Awards and highlights
- PFWA All-Rookie Team (1989); First-team All-American (1988); First-team All-East (1988); Second-team All-East (1987);

Career NFL statistics
- Tackles: 232
- Sacks: 2.5
- Forced fumbles: 4
- Interceptions: 1
- Stats at Pro Football Reference

= Jerry Olsavsky =

American football player and coach (born 1967)

Jerome Donald Olsavsky (born March 29, 1967) is an American former professional football player who was a linebacker and coach in the National Football League (NFL). He played for the Pittsburgh Steelers, Baltimore Ravens and the Cincinnati Bengals.

==Playing career==
Olsavsky was born in the industrial town of Youngstown, Ohio. He gained early recognition as a star football player at Chaney High School and went on to play collegiately at the University of Pittsburgh. Following his graduation, he was selected by the Steelers in the tenth round of the 1989 NFL draft. Olsavsky finished his playing career in 1998 with the Baltimore Ravens.

==Coaching career==
When Olsavsky ended his career in professional football, he spent several years coaching in various places, such as Carnegie Mellon University.

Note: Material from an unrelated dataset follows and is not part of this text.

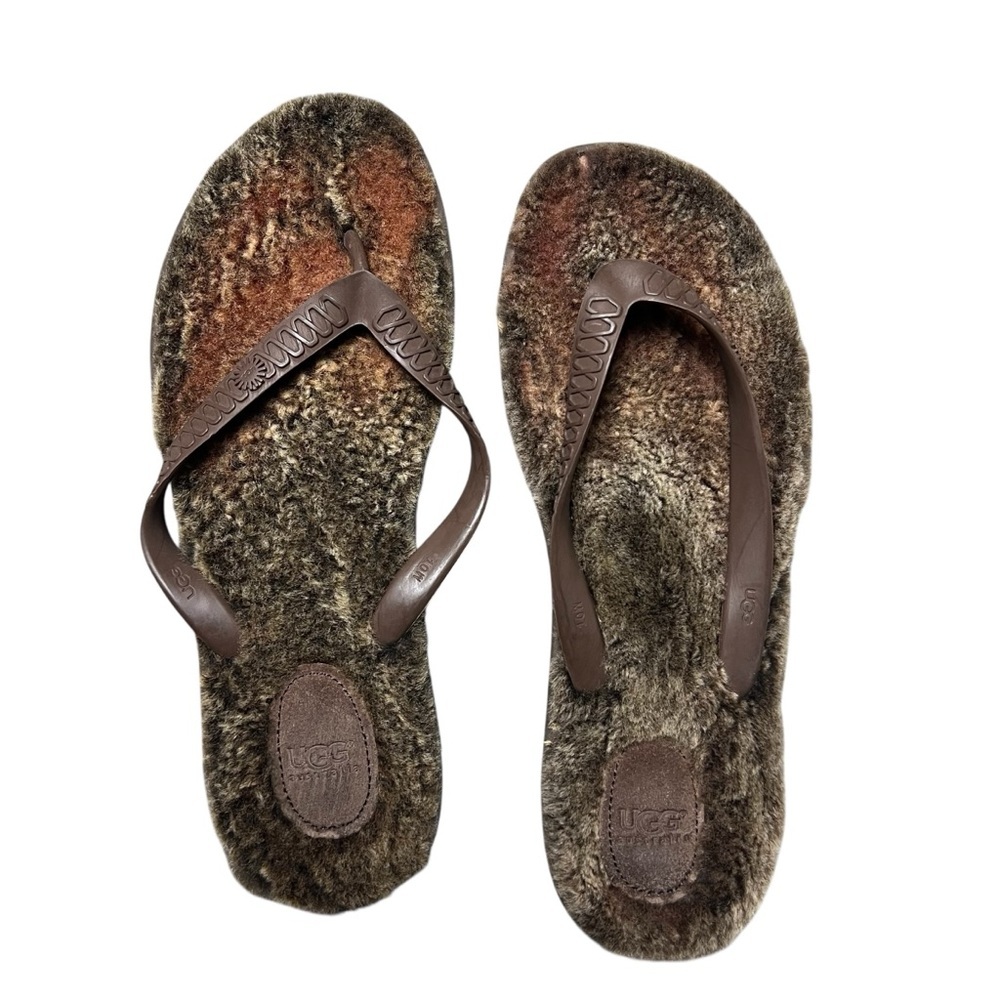 UGG Australia Fluffie ll Women's Fleece Fur Flip Flop Brown Size USA 10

He also served as an assistant strength coach at North Carolina for one season. He then served as an assistant football coach at Youngstown State University for seven seasons coaching linebackers.

Olsavsky was hired on January 29, 2010, to serve as the defensive assistant for the Pittsburgh Steelers, replacing Lou Spanos. He was promoted to inside linebackers coach on February 6, 2015. On February 22, 2023, the Steelers hired Aaron Curry to replace Olsavsky as their inside linebackers coach.

In 2023, Olsavsky was hired as a defensive assistant for Duquesne.

==Personal life==
Olsavsky resides in Pittsburgh with his three children, Joseph, Martone, and Dominic.